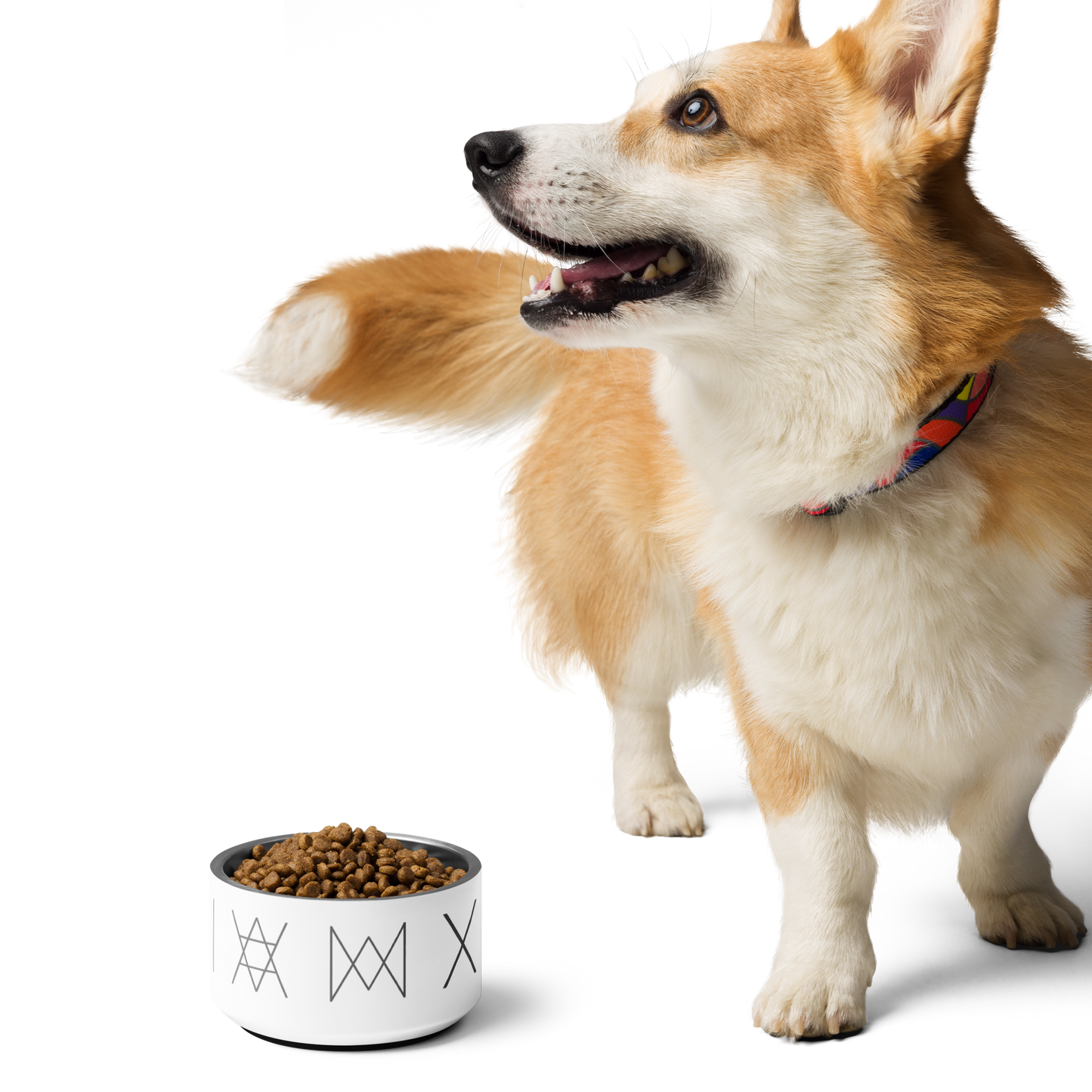 Pet Bowl - Mirror Logo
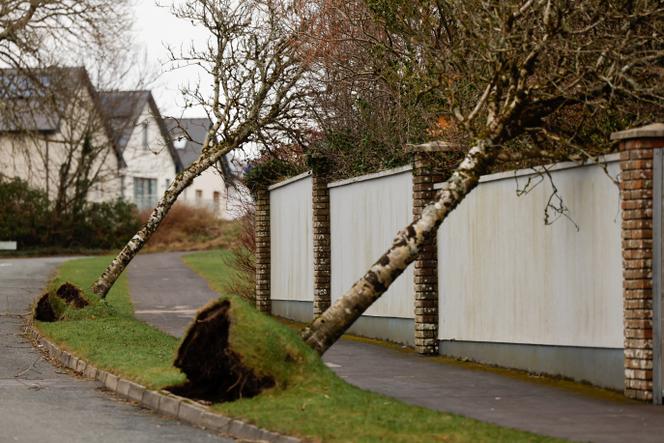 La tempête Eowyn, avec des vents à plus de 135 km/h, a balayé l’Irlande, la vigilance rouge levée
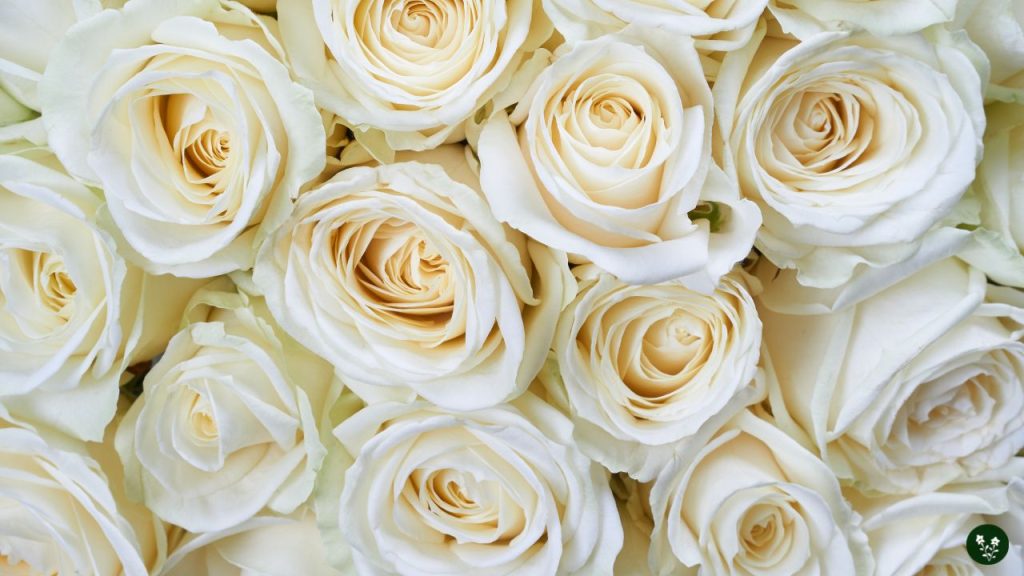 White Rose Meaning - Purity, Innocence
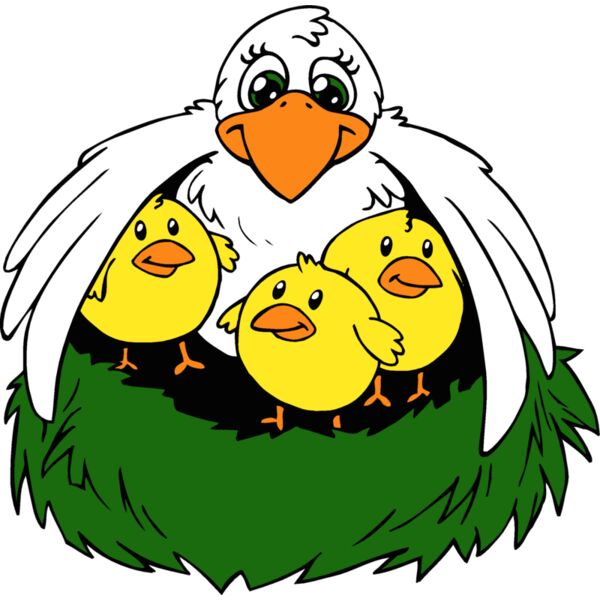 chicks1 Thumbnail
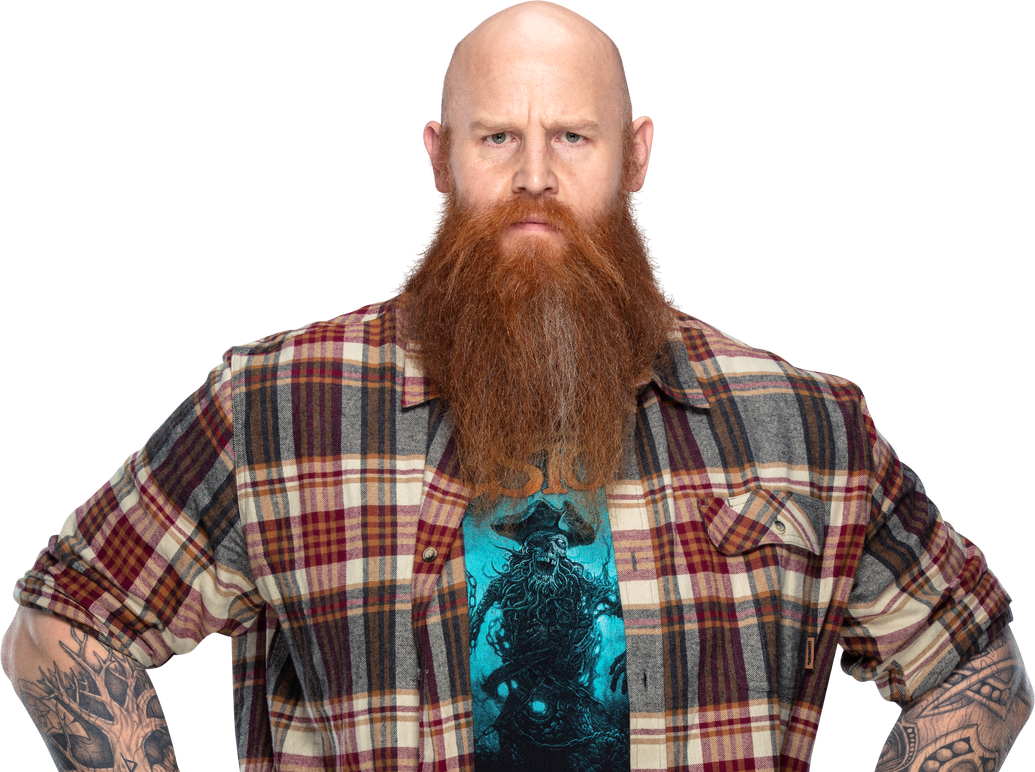 Роуэн бетьеман. Рован Рестлер. Erick Rowan 2014. WWE рыжий.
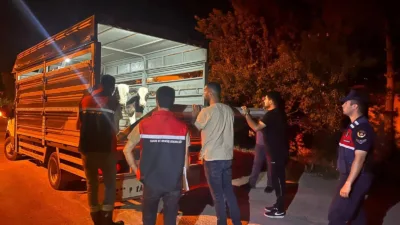 Yozgat Çayıralan’da şap hastalığı karantinasını ihlal ederek büyükbaş hayvan sevkiyatı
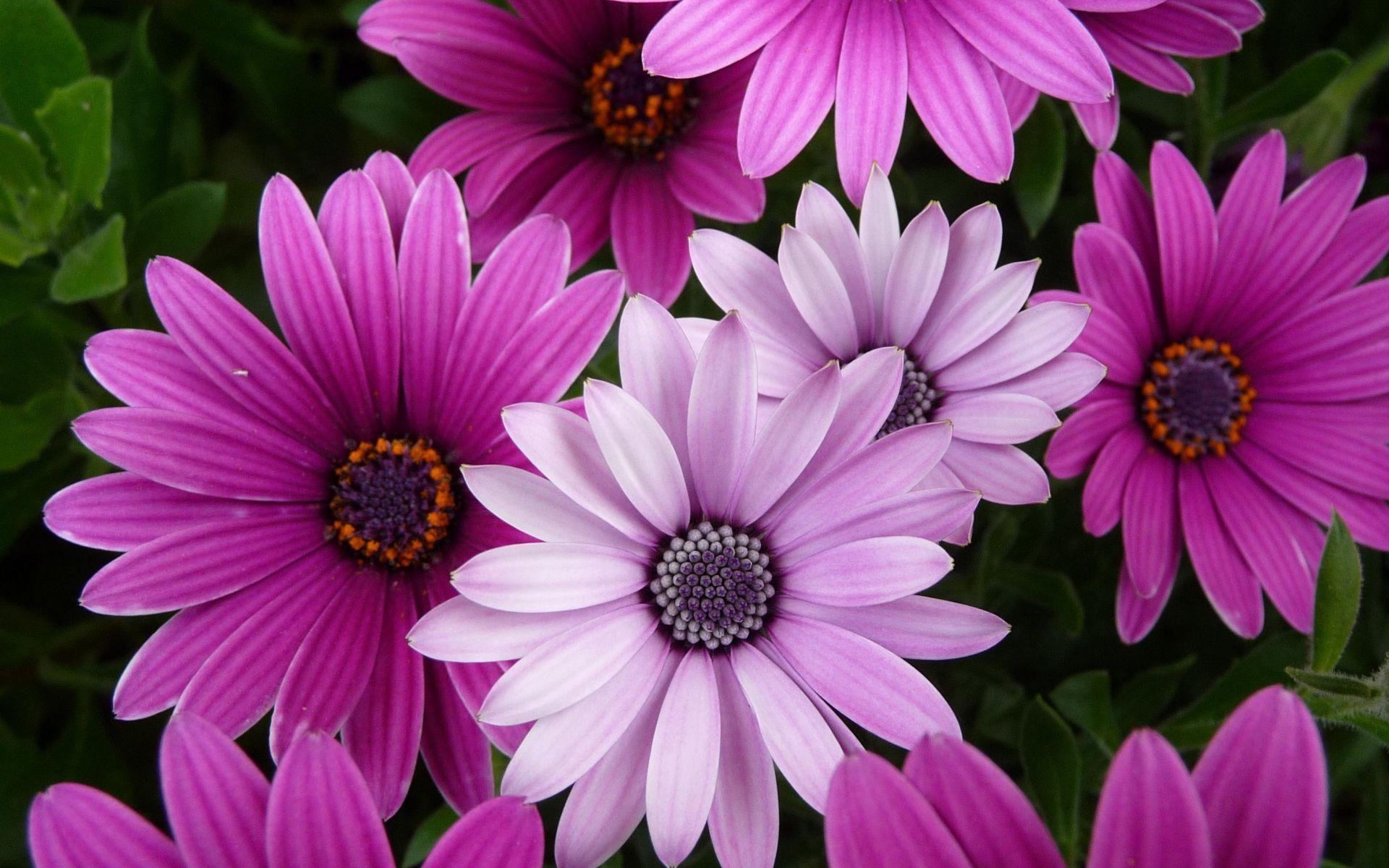 Purple Flowers High Definition Wallpapers 9231 Full HD Wallpapers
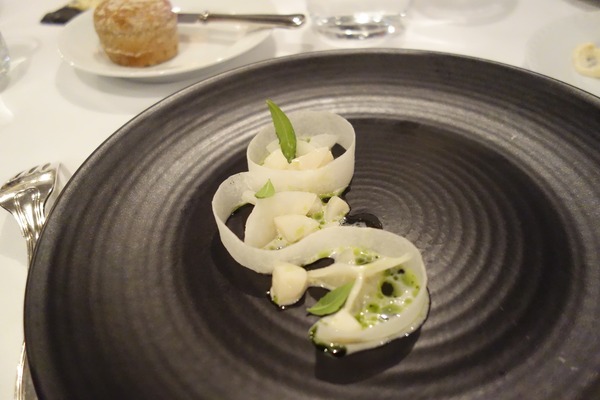 Kokkeriet_scallop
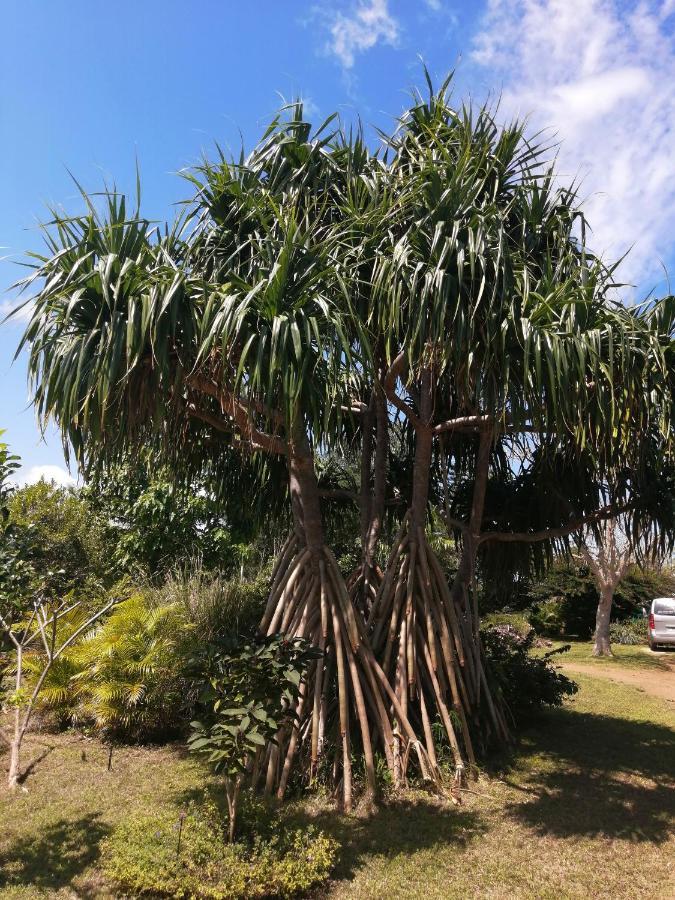 Niaouli Lodge Bourail Ngoại thất bức ảnh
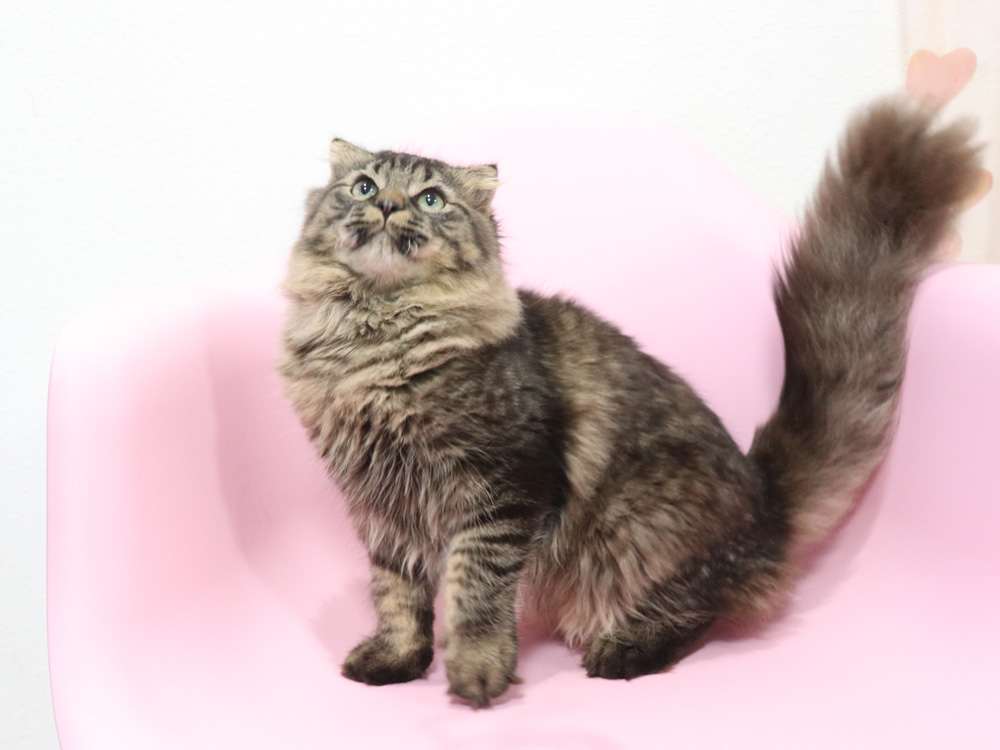 ミヌエットの子猫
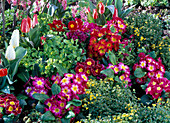 Primula acaulis (spring primroses), Erysimum (golden violet)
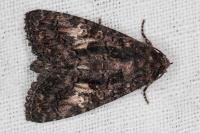 Aedia leucomelas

| Exercise prompt |
Starting at the line containing "Роуэн бетьеман. Рован", output every remaining line of the records above exactly, the last one included. Nothing else belongs in the output, and no pictures either.

| Output for this task |
 Роуэн бетьеман. Рован Рестлер. Erick Rowan 2014. WWE рыжий.
 Yozgat Çayıralan’da şap hastalığı karantinasını ihlal ederek büyükbaş hayvan sevkiyatı
 Purple Flowers High Definition Wallpapers 9231 Full HD Wallpapers
 Kokkeriet_scallop
 Niaouli Lodge Bourail Ngoại thất bức ảnh
 ミヌエットの子猫
 Primula acaulis (spring primroses), Erysimum (golden violet)
 Aedia leucomelas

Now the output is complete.